In an exclusive report on Friday, the Daily Beast said the Kremlin has suspended intensive high-level communications between top US and Russian officials.
However, White House National Security Council spokeswoman Laura Lucas Magnuson says interactions between Moscow and Washington have not been suspended.
“The United States has not suspended interactions between US-Russian leadership counterparts and has not been informed by the Russian government that it has,” The Hill quoted Magnuson as saying.
US State Department spokeswoman Jen Psaki also said that despite escalating tensions between the US and Russia over the crisis in Ukraine, the White House will continue to work with the Kremlin on various issues.
“In practice we've continued to work with Russia even while we've had strong disagreements about the steps they've taken in Ukraine,” said Psaki. “We still continue to work with Russia on a range of global issues.”
This comes as Obama is trying to nudge Washington’s European allies toward more sanctions against broad sections of Russia’s economy.
After Obama talked with some European leaders on Friday, US officials said the US president and top European leaders are moving ahead on a new round of sanctions against Russia.
The United States has already imposed sanctions on a number of Russian officials and a Russian bank, Bank Rossiya, but has not targeted the country’s entire economic sectors.
Meanwhile, the US has taken measures to boost its military presence in Eastern Europe, forcing Russia to respond through extensive military drills near its border with Ukraine.
On Wednesday, some 150 US Army troops arrived in Poland, the first of a contingent of 600 US forces being sent to the Baltic states.
On Friday, another 150 American troops arrived in Latvia and on Saturday a company of 150 US troops arrived in Lithuania.
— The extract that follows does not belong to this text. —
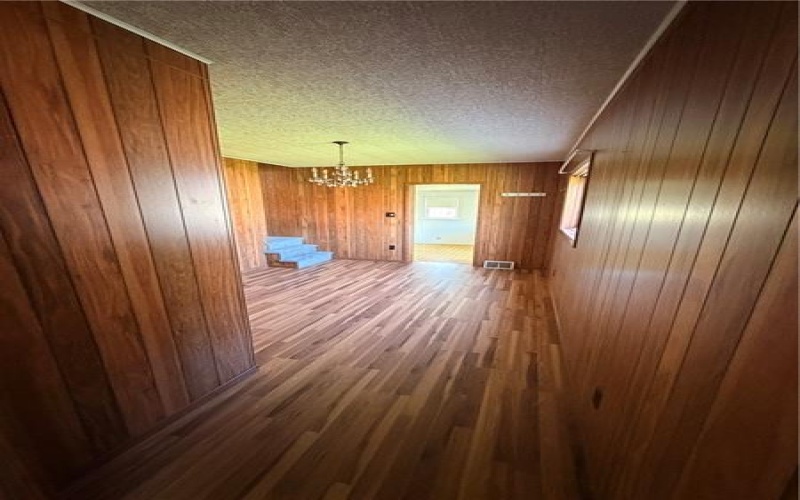 168 Main St, Brownsville, 15417, 4 Bedrooms Bedrooms, ,2 BathroomsBathrooms,Residential,For Sale,Main St,1747992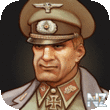 World in War v1.1.1.ipa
The last company of US troops is expected to arrive in Estonia early next week.
In a phone interview with Press TV on Saturday, Rick Rozoff, a member of Stop NATO International, said there is a real possibility for the US and Russia to enter a direct military confrontation.
“The prospects for a direct US-Russian military confrontation in Eastern Europe around the Ukrainian crisis are, I’m afraid to state, a very real possibility,” he said.